For an impoverished son of a shoemaker, Hans Christian Andersen certainly made his mark in the world of literature, his legacy still flourishing almost 200 years after he was born in Denmark.
Next year writers and actors, including A S Byatt, Michael Morpurgo, Derek Jacobi, Sir Roger Moore and Elizabeth Hurley, will join a celebration of the 200th anniversary of the birth of the author of The Little Mermaid and The Emperor's New Clothes .
The occasion is being used by the Danes both to promote one of their most famous sons and for a worldwide literacy campaign.

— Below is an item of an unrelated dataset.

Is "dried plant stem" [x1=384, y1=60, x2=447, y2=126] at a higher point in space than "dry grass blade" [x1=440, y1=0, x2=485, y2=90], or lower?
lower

Crown Prince Frederik of Denmark and his wife Mary yesterday launched the celebrations at the British Library in London, which is to hold a blockbuster exhibition dedicated to Andersen's life and works next summer.
Lars Seeberg, secretary general of the Hans Christian Andersen 2005 Foundation, which has contributed £27m towards the celebrations, said they regarded Andersen as more than a son of Denmark. He said: "We have invited the world to contribute with artistic renditions of the life and work of Andersen and our invitation has been well received."
The foundation is appointing a series of ambassadors to promote the use of Andersen's works in encouraging reading.
Additional British ambassadors include David Frost, the Danish-born broadcaster Sandi Toksvig and Jackie Wullschlager, Andersen's biographer.
Dame Byatt said yesterday that it was the dark stories of The Little Mermaid , The Snow Queen and Thumbelina which had turned her into a writer.
The literacy campaign will be accompanied by a series of Andersen-related cultural events. The City of Birmingham Symphony Orchestra will also perform 10 new compositions by Danish composers which were inspired by Andersen's fairytales.
The actress Fiona Shaw and director Deborah Warner are collaborating on some similarly inspired theatre for children and the Tiger Lillies cabaret trio are to stage a version of The Little Match Girl .
Andersen, who lived from 1805 to 1875, visited Britain twice during his lifetime, most notably outstaying his welcome at the home of Charles Dickens.